Twitter’s live event results for this quarter (left) and last
And while those numbers show promise, we’re probably beyond the time of promise for Twitter. The 11 year-old company needs to deliver, and today’s numbers suggest that they’re not close to doing that. The figures are only made worse by Facebook’s latest performance report – in the latest quarter, Facebook added 2 million more monthly active users in the US, and 70 million more MAU overall (equivalent to 21% of Twitter’s entire audience).
So what does this all mean for Twitter? It’s certainly not good news, but does that mean the platform is on the way out? Will it be acquired by some other tech giant who sees a way to convert its ubiquitous position into profit?
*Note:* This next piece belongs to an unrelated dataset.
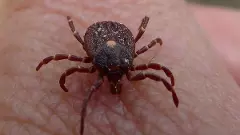 KFD | ಮಂಗನ ಕಾಯಿಲೆಗೆ 8 ವರ್ಷದ ಬಾಲಕ ಬಲಿ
Should you bother spending money on Twitter ads?
The acquisition talk is likely to ramp up again in light of these numbers – and remember, Twitter was reportedly seeking offers last year, with several potential buyers (including Disney and SalesForce) pulling out due to concerns about the platform’s issues with trolls and user safety. Which Twitter has highlighted as another key area of improvement in their latest figures.
Maybe the company’s already positioning itself for this scenario – and definitely, a Twitter owned by, say, Google would be a very interesting prospect. Expect the chatter around this to ramp up in the second half of the year.
Should you bother with Twitter ads despite lower growth? As always, it depends on your audience.
Per their strategy, Twitter’s video efforts are bringing more niche, specific groups to the platform, a platform which remains a key part of many people’s interactive process – 328 million users is still a lot of people. Some brands have seen, and are seeing, significant benefit from Twitter ads, and it’s always worth investigating your audience behaviors, and available options with which to reach them.
But then again, the narrative of the platform being in decline will no doubt spook a lot of potential advertisers, especially big brands looking to reach the widest possible audience – the ones who spend the most on ads. The figures will make it harder for Twitter to land those larger players, which will no doubt add more pressure to the bottom line.
In the broader sense, this is a big problem for the company to address, but on a smaller scale, there may still be significant value in Twitter advertising for your brand, despite the wider decline.
As always, Twitter remains an intriguing prospect – a hugely influential, significant platform which seems unable to convert that position into a sustainable business.
Can it bounce back, or will it become the next platform to be eaten up by the growing dominance of the larger players? The next six months look set to be significant.